Als die Angelegenheit in die entscheidende Phase kam, saßen wir zu sechst in der Jugendgeschäftsstelle; Christoph Daum, Manfred Rehm, sein Co-Trainer bei der A-Jugend, Roland Koch, Jürgen Jores, Richard Nestvogel und ich. Zum damaligen Zeitpunkt war Rinus Michels Trainer und Michael Meier Geschäftsführer, und wir wussten, dass wir diese Zusage nie bekommen würden. Wir haben Argumente ausgetauscht, irgendwann habe ich dann gesagt: „Wenn wir das nicht machen mit der Zusage, ist er bei Bayer.“
„Wenn wir das nicht machen mit der Zusage, ist Bodo bei Bayer.“
Also haben wir unseren FC-Briefbogen genommen, haben die von Illgner geforderten Punkte darauf aufgeführt und das Ganze eingeleitet mit dem Satz: „Im Zusammenhang mit einem Wechsel von Bodo Illgner zum 1. FC Köln, sagt der 1. FC Köln dem Spieler folgendes zu:…“ Am Ende des Schreibens stand dann mit Schreibmaschine geschrieben „1.FC Köln“, und dann haben wir uns alle angeguckt, denn einer musste jetzt noch unterschreiben – und das war ich. Ich habe dann ebenso schwungvoll wie unleserlich unterschrieben, und Richard Nestvogel hat anschließend das Schreiben Bodo Illgner gegeben. Bodo hat dann noch gefragt, wer denn da unterschrieben habe, worauf Nestvogel ihm geantwortet hat, das wäre so von der Geschäftsstelle zurückgekommen, das müsse wohl jemand von dort gewesen sein. Bodo war zufrieden und hat ab der Saison 1983/84 bis zu seinem Wechsel zu Real 1996 für den 1. FC Köln gespielt. Bodo und ich haben dann später über unsere Aktion damals herzlich gelacht, er hat dieses Schriftstück wahrscheinlich heute noch und weiß auch, wer unterschrieben hat. Diese Verpflichtung zeigt aber auch, dass es ab und an Spieler gab, die sich durch ihr großes Talent quasi aufdrängten.
Wie Sie schon andeuteten, war das aber sicherlich die Ausnahme. In vielen anderen Fällen war es gewiss zu einem großen Teil den Fähigkeiten eines Scouts geschuldet, ob ein Talent entdeckt und für den Verein verpflichtet werden konnte. Was macht einen solchen guten Scout aus?
Er muss eine gute Beobachtungsgabe und ein sicheres Einschätzungsvermögen haben. Ich glaube, dass ich einen guten Blick für Talente hatte. Ich habe sehr schnell sehr gut erkannt, wenn einer etwas konnte.
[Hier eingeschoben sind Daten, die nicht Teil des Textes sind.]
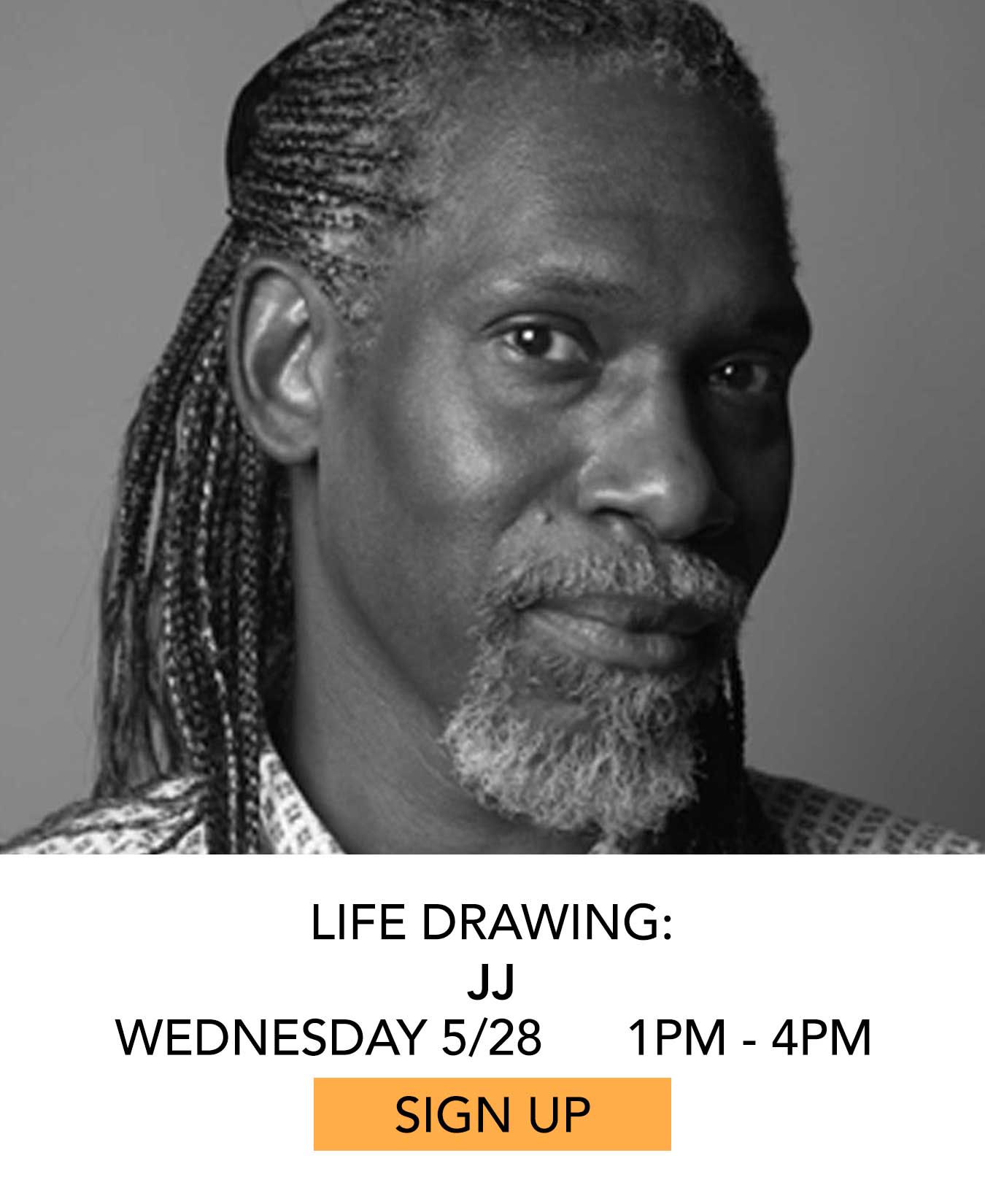 Life Drawing: JJ. Wednesday 05/28 from 1pm to 4pm. Click to Sign Up.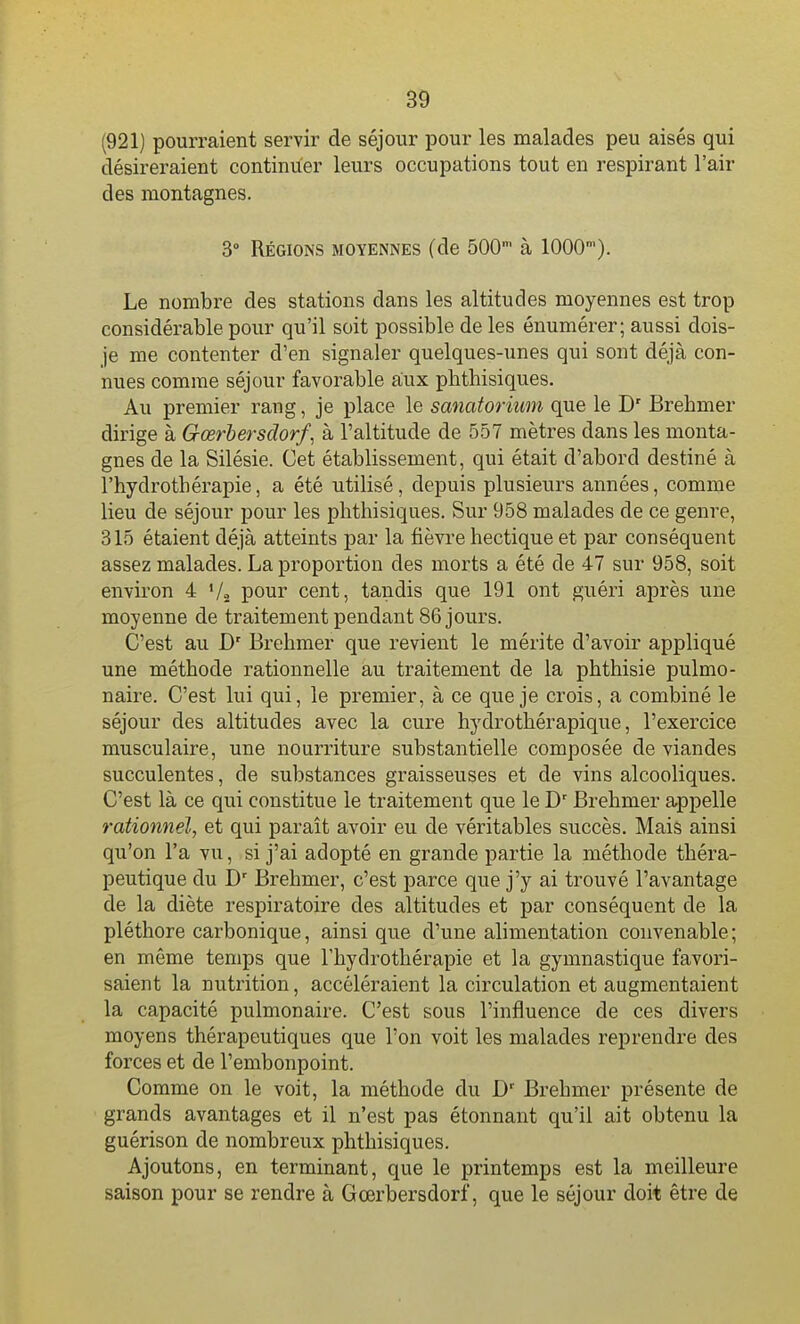 (921) pourraient servir de séjour pour les malades peu aisés qui désireraient continuer leurs occupations tout en respirant l'air des montagnes. 3° Régions moyennes (de 500' à 1000). Le nombre des stations dans les altitudes moyennes est trop considérable pour qu'il soit possible de les énumérer; aussi dois- je me contenter d'en signaler quelques-unes qui sont déjà con- nues comme séjour favorable aux phtliisiques. Au premier rang, je place le sanatorium que le D' Brehmer dirige à Gœrbersdorf, à l'altitude de 557 mètres dans les monta- gnes de la Silésie. Cet établissement, qui était d'abord destiné à l'hydrotbérapie, a été utilisé, depuis plusieurs années, comme lieu de séjour pour les pbthisiques. Sur 958 malades de ce genre, 315 étaient déjà atteints par la fièvre hectique et par conséquent assez malades. La proportion des morts a été de 47 sur 958, soit environ 4 Va pour cent, tandis que 191 ont guéri après une moyenne de traitement pendant 86 jours. C'est au D' Brehmer que revient le mérite d'avoir appliqué une méthode rationnelle au traitement de la phthisie pulmo- naire. C'est lui qui, le premier, à ce que je crois, a combiné le séjour des altitudes avec la cure hydrothérapique, l'exercice musculaire, une nourriture substantielle composée de viandes succulentes, de substances graisseuses et de vins alcooliques. C'est là ce qui constitue le traitement que le Brehmer appelle rationnel, et qui paraît avoir eu de véritables succès. Mais ainsi qu'on l'a vu, si j'ai adopté en grande partie la méthode théra- peutique du D' Brehmer, c'est parce que j'y ai trouvé l'avantage de la diète respiratoire des altitudes et par conséquent de la pléthore carbonique, ainsi que d'une alimentation convenable; en môme temps que l'hydrothérapie et la gymnastique favori- saient la nutrition, accéléraient la circulation et augmentaient la capacité pulmonaire. C'est sous l'influence de ces divers moyens thérapeutiques que l'on voit les malades reprendre des forces et de l'embonpoint. Comme on le voit, la méthode du D' Brehmer présente de grands avantages et il n'est pas étonnant qu'il ait obtenu la guérison de nombreux pbthisiques. Ajoutons, en terminant, que le printemps est la meilleure saison pour se rendre à Gœrbersdorf, que le séjour doit être de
Ich konnte individuelle Situationen gut einschätzen und habe einen Spieler, wenn er eine herausragende Aktion hatte, etwas genauer angeguckt, um abschätzen zu können, ob das Gesamtpaket passte. Es war es aber auch damals schon für einen Scout wichtig, ein gutes Netzwerk zu besitzen, durch das man den ein oder anderen Tipp bekommen konnte und so immer auf dem Laufenden blieb. Persönliche Kontakte waren generell hilfreich, so auch im Fall des Transfers von Olaf Janßen zum 1. FC Köln.
Wie lief dieser Wechsel genau ab?
Ich kannte die Familie Janßen aus meiner Zeit in Wuppertal, besonders Olafs Vater war mir gut bekannt. Für Bayer Uerdingen war er auf vielen Fußballplätzen unterwegs und hat auch für den Verein ein bisschen gescoutet, und da sind wir uns häufig über den Weg gelaufen, so dass ein recht guter Kontakt entstanden war. Als Olaf damals Jugendnationalspieler wurde und er in den Fokus mehrerer Vereine geriet, habe ich seinen Vater angesprochen und ihm das Interesse des FC signalisiert.
Wir haben dann ein Gespräch mit Olaf, seinem Vater, Christoph Daum und mir vereinbart. Dort wurde deutlich, dass Olaf die Meinung seines Vaters sehr wertschätzte, wir haben Vater und Sohn wohl überzeugen können, und alles weitere ist Geschichte.